Source material:

+ + +

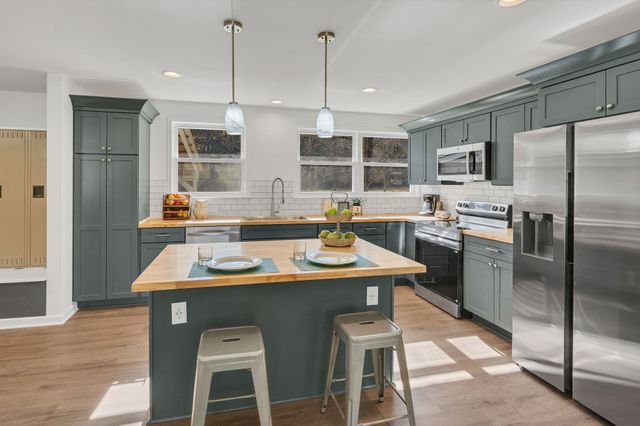 2173 Highway 48 South, Dickson, TN 37055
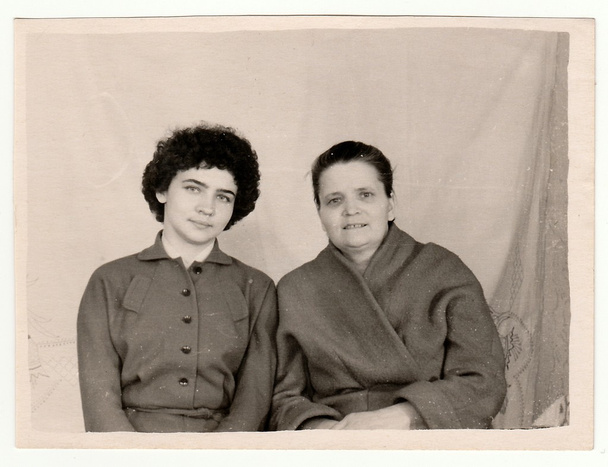 Vintage photo of  women (mother and daughter). - Photo, Image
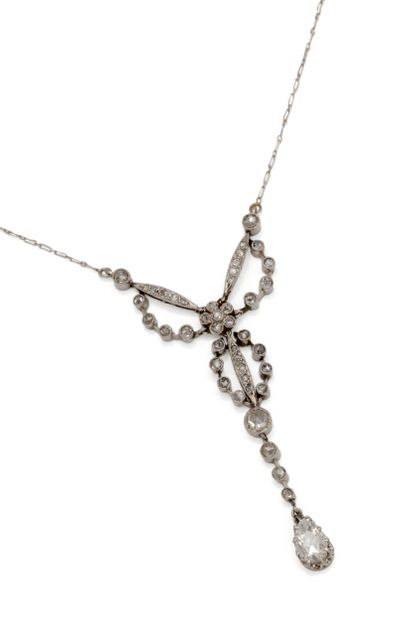 Collier en platine (850/1000), maille figaro...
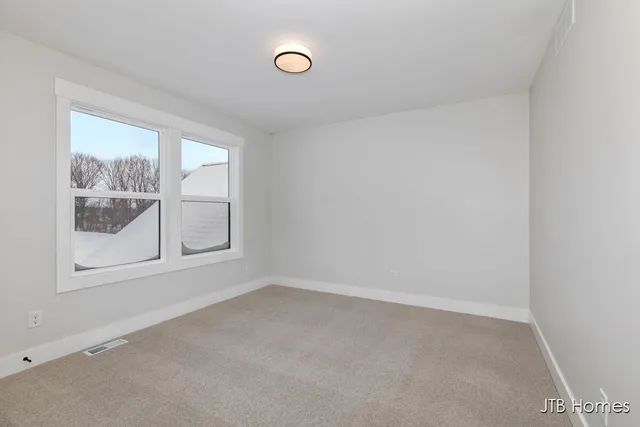 $679,900 | 8318 Kettle Hill Southeast, Alto, MI 49302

+ + +

In your answer, repeat the material above in full, exactly, and without its pictures.

 2173 Highway 48 South, Dickson, TN 37055
 Vintage photo of  women (mother and daughter). - Photo, Image
 Collier en platine (850/1000), maille figaro...
 $679,900 | 8318 Kettle Hill Southeast, Alto, MI 49302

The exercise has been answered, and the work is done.